EU RATES ROUNDUP: TLTRO-II, Net Negative EGB Supply for April
(Bloomberg) -- Analysts focus on market implications from latest round of LTROs, large negative net EGB supply for April as a result of redemptions, greater ECB QE buying.
- Deutsche Bank (strategists including Francis Yared)
- Current global monetary policy environment remains conducive of carry trades in EUR fixed income, though valuations becoming increasingly challenging
- Exit German 10s30s flattener; turn bullish on 10Y bunds via 162.5/163.5 1x1.5 call ratio, costs 18 cents, expires April 22, maximum payout with yields approaching last year’s lows
- Hold long 5Y Italy; target 5Y Italy/Germany spread of ~40bps seen in late 2009, implies further 15bps rally in 5Y BTPs
- RBS (strategists including Andrew Roberts)

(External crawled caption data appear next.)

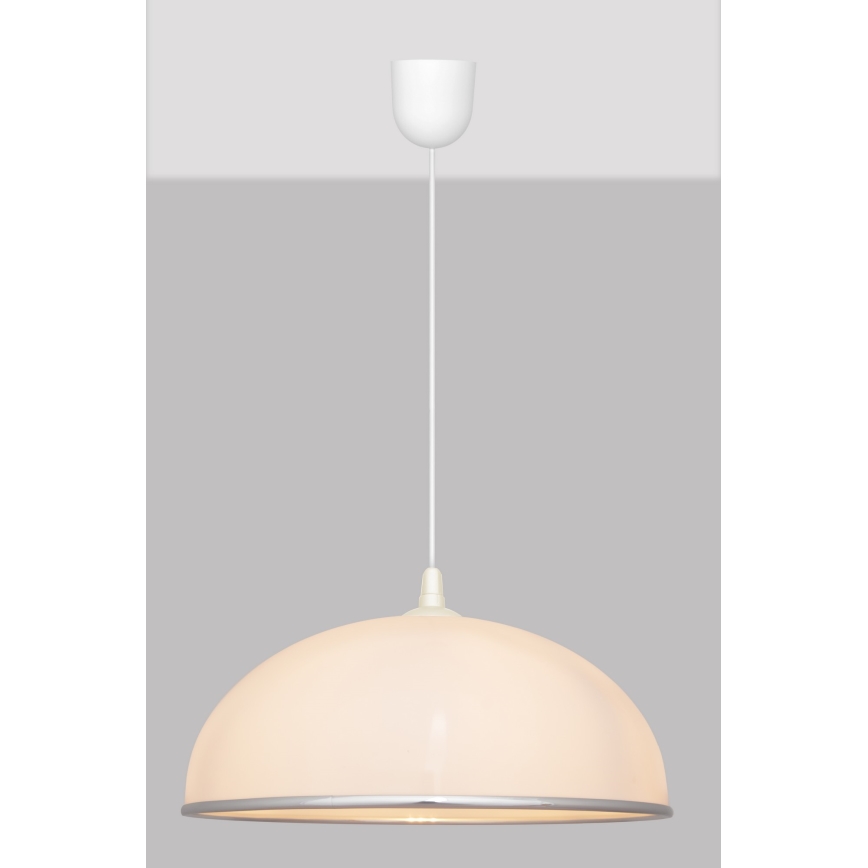 Hanglamp aan koord CIRCLE 1xE27/15W/230V wit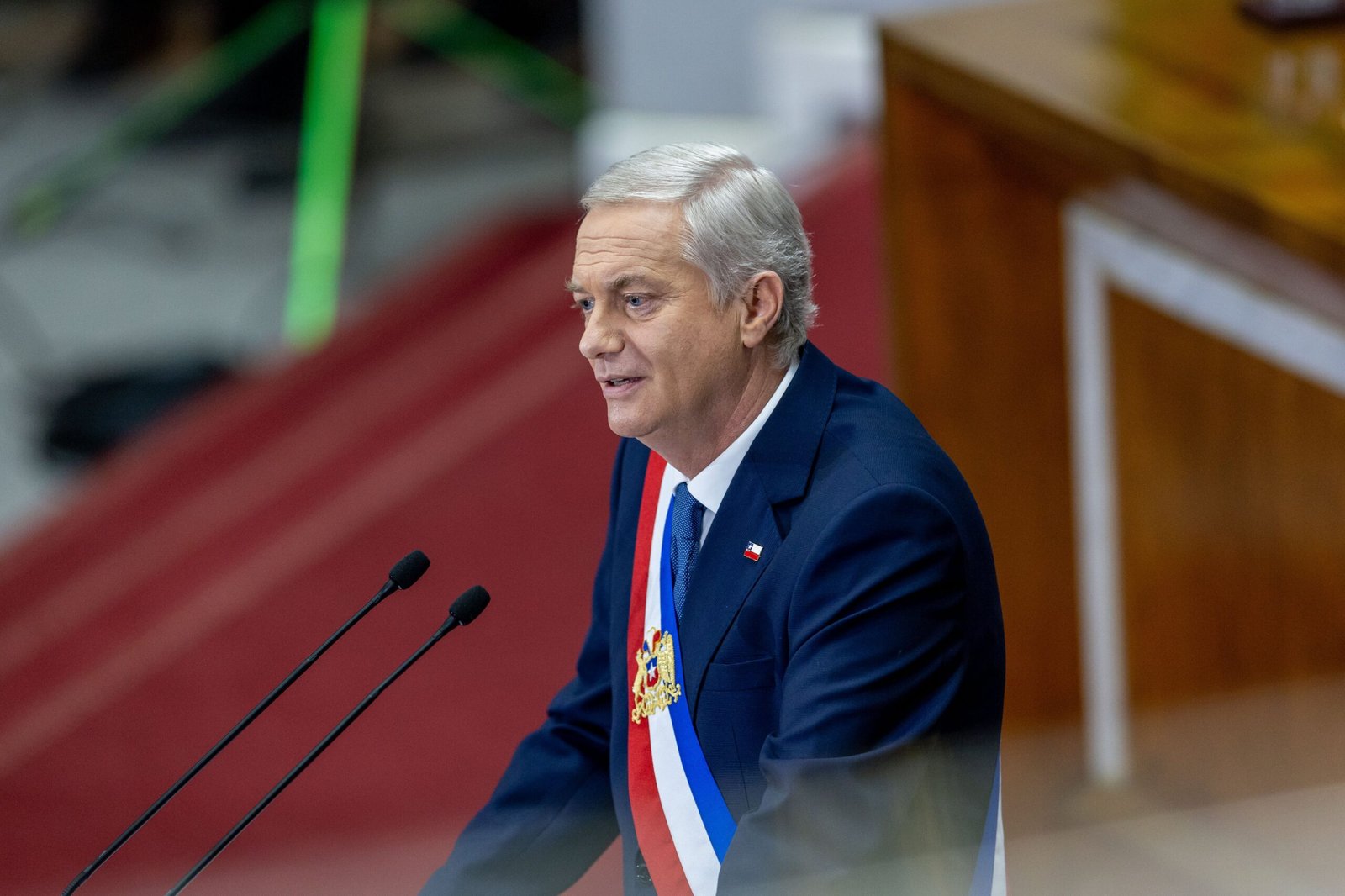 José Antonio Kast en el Congreso de Valparaíso, este lunes.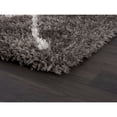 thumbnail image 3 of LBaiet 5' x 7' Gray and White Geometric Diamond Rectangular Shag Area Throw Rug, 3 of 4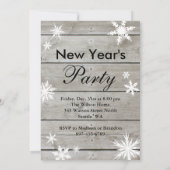 新年のシャンパン招待状 招待状 (裏面)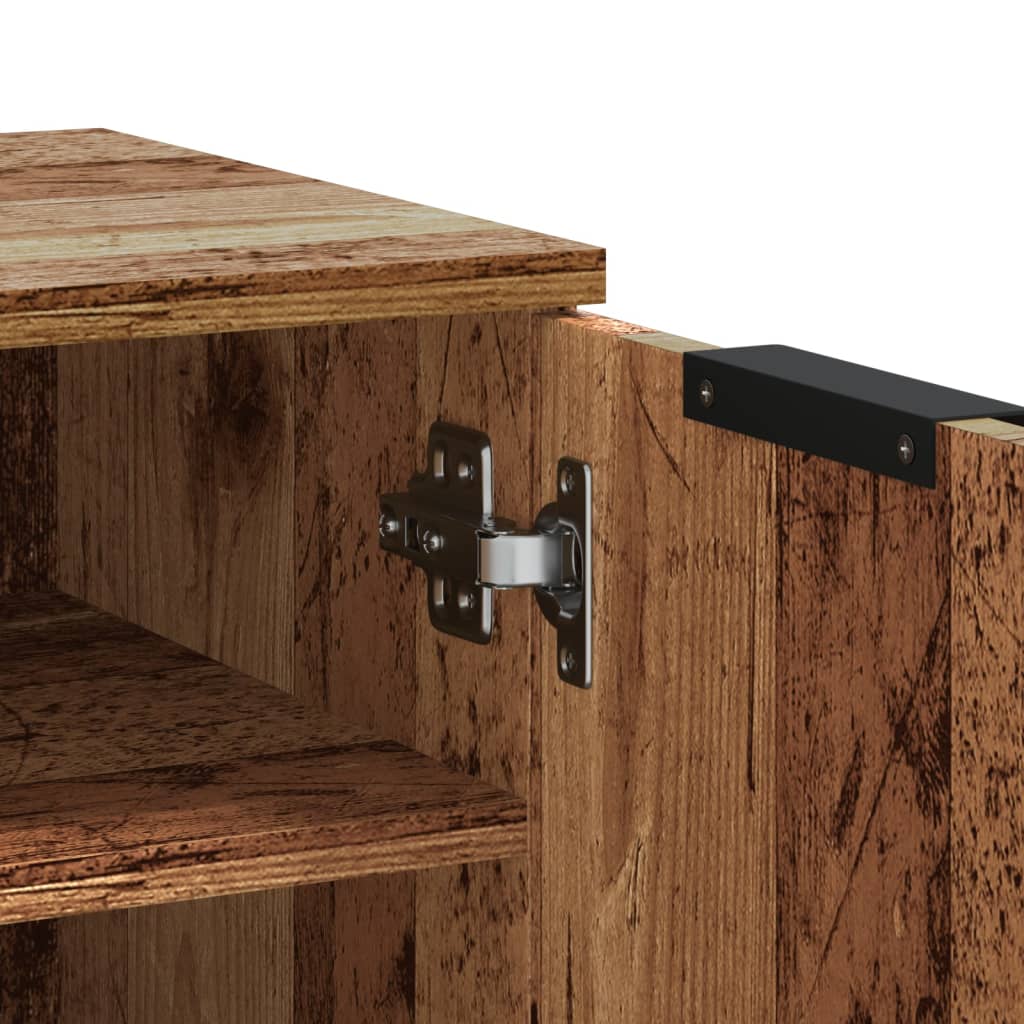 Armoire à chaussures vieux bois 59x35x70 cm bois d'ingénierie - XIOS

- EMU QE, plus new TLTROs will outweigh net supply; leaves up to EU1.6T of bond buying from the street; bias towards lower yields across the curve
- FOMC is going to deliberately leave the “taps open”, curve should steepen, rally in short-end; 5s30s steepeners in the U.S. boxed vs EUR, pays roll of 2.4bps per 3-months
- More ECB action expected, QE and rate cuts, will push investors further out the curve; see further 20bps of depo cuts by year end; EU80b/month asset buying only serves to squeeze all markets, mostly bunds
- Non-uniform distribution of corporate purchases could reduce purchases of sovereign bond markets, most likely to suffer is Netherlands; recommend short 10y Netherlands on credit fly vs. Germany and Austria
- Nomura (strategists including George Goncalves)
- Central bank heavy week has passed, no real govt supply ahead, markets will be digesting the recent moves, need fundamentals to continue to improve for confidence to return
- Expect flattening pressure, 30y outperformance to prevail, risk of scarcity pricing is returning; close received 5s10s30s EUR fly, scale into 10s30s flatteners
- Recent Praet comments underlined that ECB could cut the deposit rate again if need be, which is more specific, less dismissive than Draghi’s words
- BNP Paribas (strategists including Laurence Mutkin)
- Expect the market’s bullishness to lead to curve flattening with the front-end anchored by the prospect of ECB status quo on rates for a while
- Expect bull-flattening bias to develop, at least up to the 7-10y area
- Receive EUR 10y swap outright; target 0.40%, stop 0.68%, 1- mo. carry +0.4bp
- Receive EUR 2s10s30s fly; target zero, stop at 30bp, 1- mo. carry +1.7bp: MORE
- Morgan Stanley (strategists including Alexander Wojt)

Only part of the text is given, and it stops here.